I considered studying abroad in Uganda my senior year of college, but not for reasons you would expect. I wasn’t thoroughly invested in Ugandan history and I didn’t know much about the nation’s current struggles. In fact, I can honestly say that I knew close to nothing about Uganda short of how it was spelt. The real motivators in this consideration were my smart and adventurous friends. Two of my closest friends were graduating and another was studying abroad for the following semester. When I finally connected the dots and realized they were all going to be gone while I was still in school, the only logical course of action was to ship myself to a foreign country. Obviously.
Needless to say, it didn’t take more than a fifteen minute meeting with my academic advisor to realize that Uganda was not the place for me. The thought of change made me restless and the restlessness made me want to run. This mindset has crept up during times of significant transition in my life. I enjoyed high school but was ready for a change of scenery when the principal handed me my diploma. Similarly, in the months leading up to college graduation, I looked forward to the next phase of life, albeit with a healthy mixture of excitement and anxiety. But eventually, the nicely paved path that led me from preschool through college brought me face to face with adulthood and I was terrified.
Whether you are overwhelmed by the influx of possibilities or dismayed by their absence, the most intuitive reaction to have in the midst of uncertainty is to leave. Start a new life in a new place with cheaper rent, a quirky neighbor and a shot at the fairy tale ending. As young dreamers in the Land of Opportunity, the fear of “selling ourselves short” or “having regrets” runs rampant. This fear has given way to the unrelenting restlessness that has come to define our generation.
For some of us, leaving is the perfect solution. Moving out of my parent’s house for college was the best decision I could have made. Living on my own for four years, I learned how to cook, clean, manage my finances, and interact with a landlord. Allowing ourselves to change and experience newness is one of the most important disciplines we can cultivate in our twenties. Even though this means uncertainty, the hope is that this uncertainty would cause us to grow. Out of this hope comes the hankering to explore.
For others however, leaving is simply the expected solution. We are expected to spend our twenties leaving, and save staying for our thirties. Many of my dearest friends have moved to different states or countries since graduation. In watching them take these bold steps to new places, I have at times questioned my decision to stay local even though I have found local opportunities in my field. The influences around me make it easy to believe that if I am young and ambitious, I simply must leave.
When catching up with a good friend and fellow graduate, we shared about our experiences since graduation. She moved to another state for a job opportunity and expressed that, “Whenever I say ‘yes’ to one opportunity, I can’t help but think that I’m saying ‘no’ to a million others.” When she said this, I immediately recognized the same mindset in myself. By the end of our conversation however, we both recognized that this mindset can be harmful and make us uncomfortable with commitment. Due to the sneaking suspicion that one day we will look back on our twenties with contempt, we often try to do everything, go everywhere and meet every one, without considering that this nomadic lifestyle may or may not be our path to lasting satisfaction. We avoid stability at all costs, worried that stability will make us comfortable and comfort will make us settle. We fail to see that staying could be a different kind of challenge, one that helps us grow while also preparing us for adulthood.

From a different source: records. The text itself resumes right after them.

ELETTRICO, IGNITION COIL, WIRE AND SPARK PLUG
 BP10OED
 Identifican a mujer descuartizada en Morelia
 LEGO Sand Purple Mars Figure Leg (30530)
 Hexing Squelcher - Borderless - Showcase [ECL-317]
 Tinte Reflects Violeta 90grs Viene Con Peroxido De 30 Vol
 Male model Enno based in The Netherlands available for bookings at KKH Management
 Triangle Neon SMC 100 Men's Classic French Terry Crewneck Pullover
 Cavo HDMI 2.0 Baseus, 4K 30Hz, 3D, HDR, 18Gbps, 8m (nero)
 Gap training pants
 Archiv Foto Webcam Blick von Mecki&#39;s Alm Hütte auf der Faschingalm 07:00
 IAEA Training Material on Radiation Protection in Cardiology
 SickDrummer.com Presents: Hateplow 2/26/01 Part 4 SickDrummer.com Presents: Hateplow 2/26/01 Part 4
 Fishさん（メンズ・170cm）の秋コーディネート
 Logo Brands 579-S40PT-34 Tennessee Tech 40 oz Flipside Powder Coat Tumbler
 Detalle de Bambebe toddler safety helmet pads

Staying will help you establish a home for yourself. Committing to a location means accepting all of the details that you like and dislike about it. If you stay in a place long enough, you’ll find parts of it to love and parts of it to hate. This is true of any location, even if the one thing you hate about a place is that it takes you away from loved ones. After becoming this familiar with a place, we have a decision to make. We must decide if we want to make that place our home or let it be what some places are meant to be: a fond memory. Even though the thought of being rooted may terrify us right now, it’s something that we will undoubtedly appreciate in the future.
Along with establishing a home comes establishing a community. Making an effort to be a consistent presence in the lives of those around you will teach you how to build lasting relationships. This effort to invest in individuals will help develop a community in which you can be encouraged, challenged and loved by people who truly know you. By staying, you allow the space and time necessary for this community to develop. You dedicate yourself to knowing others and being known by them. To learning about their strengths and weaknesses and allowing them to identify yours. Ultimately, staying helps us develop the healthy habit of committing to imperfect places with imperfect people who simply want to be known.
So consider the merits of staying.
Leaving might be exactly what you need. From Korea to Nicaragua, I have watched friends move to countries all over the world and they have never once looked back. My goal is simply to encourage you to make the decision for yourself and be certain that the voices of your YOLO-chanting friends are not making it for you.